Platts, part of S&P Global Energy, assessed the Singapore 380 CST HSFO cargo cash differential to the Mean of Platts Singapore 380 CST HSFO assessment at a discount of $3.08/metric ton at the Asia close July 7, compared with minus $2.58/mt July 6.
The benchmark 380 CST HSFO cash differential flipped into negative territory in the week ended July 4 and has seen pressure from aggressive selling interests for second-half July and early-August loading cargoes during the Platts Market on Close assessment process. The differential is at its weakest level since Dec. 19, 2025, when it was assessed at a discount of $3.12/mt, Platts data showed.
Platts assessed the Singapore 180 CST HSFO cash differential to the MOPS 180 CST HSFO assessment at a discount of $6.42/mt at the Asia close July 7, compared with minus $5.91/mt July 6, also its lowest level since Dec. 8, 2025, when it was assessed at a discount of $6.58/mt, Platts data showed.
Alongside increased supply, HSFO market fundamentals were also pressured by muted feedstock demand for the residual fuel grade from regional refiners and by lackluster downstream bunker fuel demand, according to market sources.
"We have drawn down the inventory ... But I think the market is expressing that supplies are coming in," said one Singapore-based trader, adding, however, that transit risks through the Strait of Hormuz could slow export volumes from the Middle East.
"But, for now, we don't see it as a problem ... At least until the next Strait of Hormuz closure (if any)," the trader added.
"The Middle East barrels won't be as much as prewar time anyway ... So, it's unlikely that there will be oversupply [in August]," noted another trader.
Chinese feedstock demand for HSFO has been thin in recent weeks, multiple trade sources told Platts, with one trader not expecting any "sudden uptake" of feeds, especially from the independent refiners.

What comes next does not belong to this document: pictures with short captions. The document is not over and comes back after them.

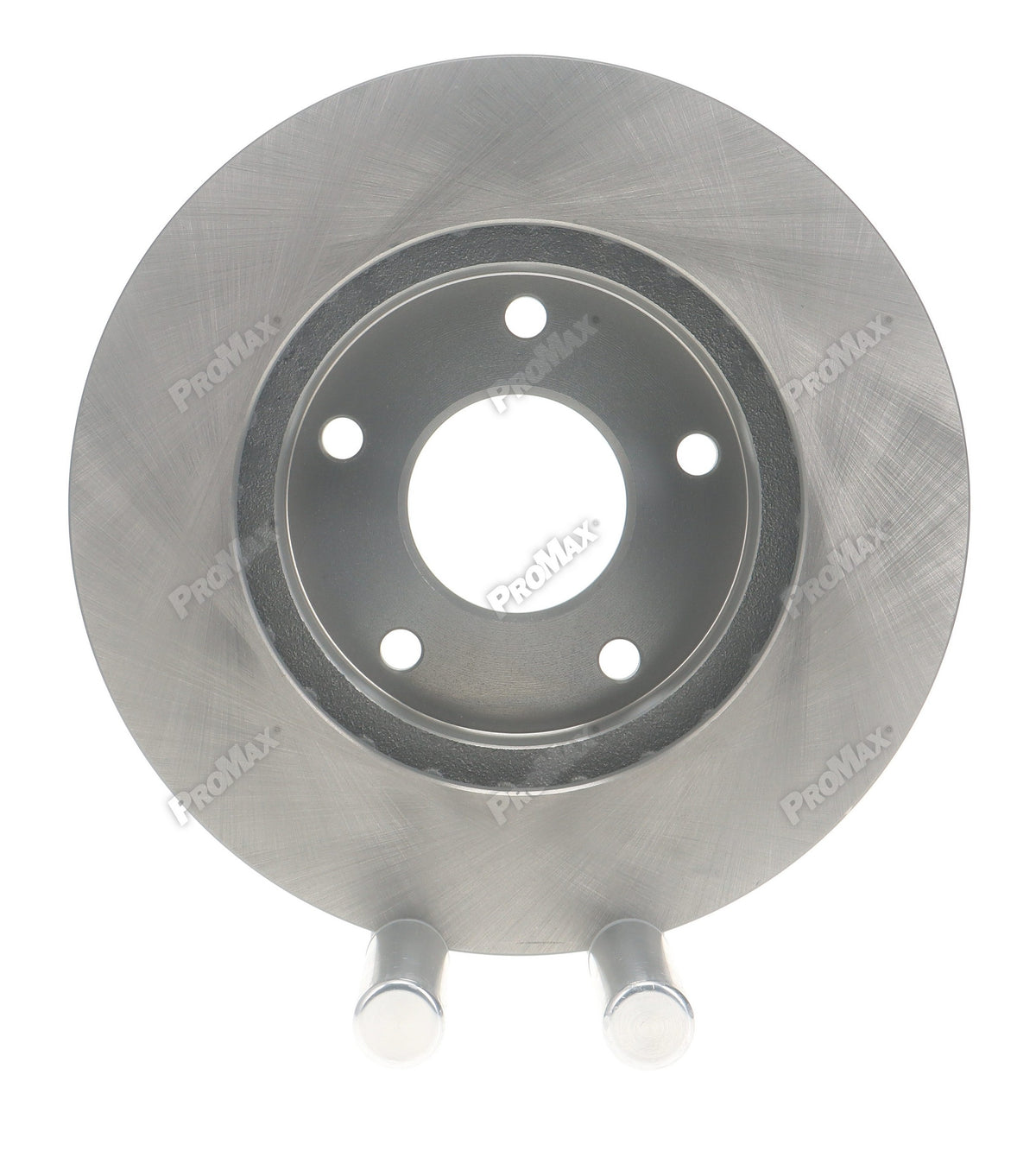 Promax Vehicle Part 14-55047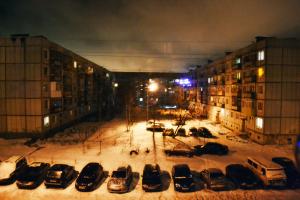 Прикрепленное изображение: Изображение 044.jpg
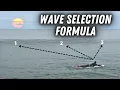 Lagu Watch THIS To Read ANY Wave With 1 Glance - Beginner Surfer Tips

Platts assessed the front-month Singapore 380 CST HSFO crack against prompt-month Brent crude at minus $7.34/barrel July 7, weakening from minus $6.37/b July 6. The refining margin has shed about 14% so far this week, Platts data showed.
"China has not been buying much fuel oil from Singapore in recent weeks ... Unless the Middle East summer power generation demand absorbs a lot of oil, there will be additional supplies flowing into Singapore, keeping the market under pressure in the coming weeks," a Singapore-based fuel oil trader said.
The Platts-assessed Singapore-delivered 380 CST HSFO bunker premium over the FOB Singapore 380 CST HSFO cargo assessment, which was assessed at $27.85/mt July 7, was assessed about 15% lower week over week at $20.35/mt in the week ended July 4, Platts data showed.
The Singapore 380 CST HSFO balance July-August swaps time spread was pegged at minus $2.75/metric ton in midafternoon Asian trading July 8, compared with the Platts assessment of the spread at a contango of $3/mt at the Asian close July 7, while the August-September spread was pegged at a narrow backwardation of $1.50/mt in midafternoon Asia trading July 8, against 30 cents/mt on July 7.
The M1-M2 intermonth spread for the 380 CST HSFO grade averaged at a backwardation of $6.62/mt in June, compared with an average of $37.74/mt in the preceding month, according to Platts data.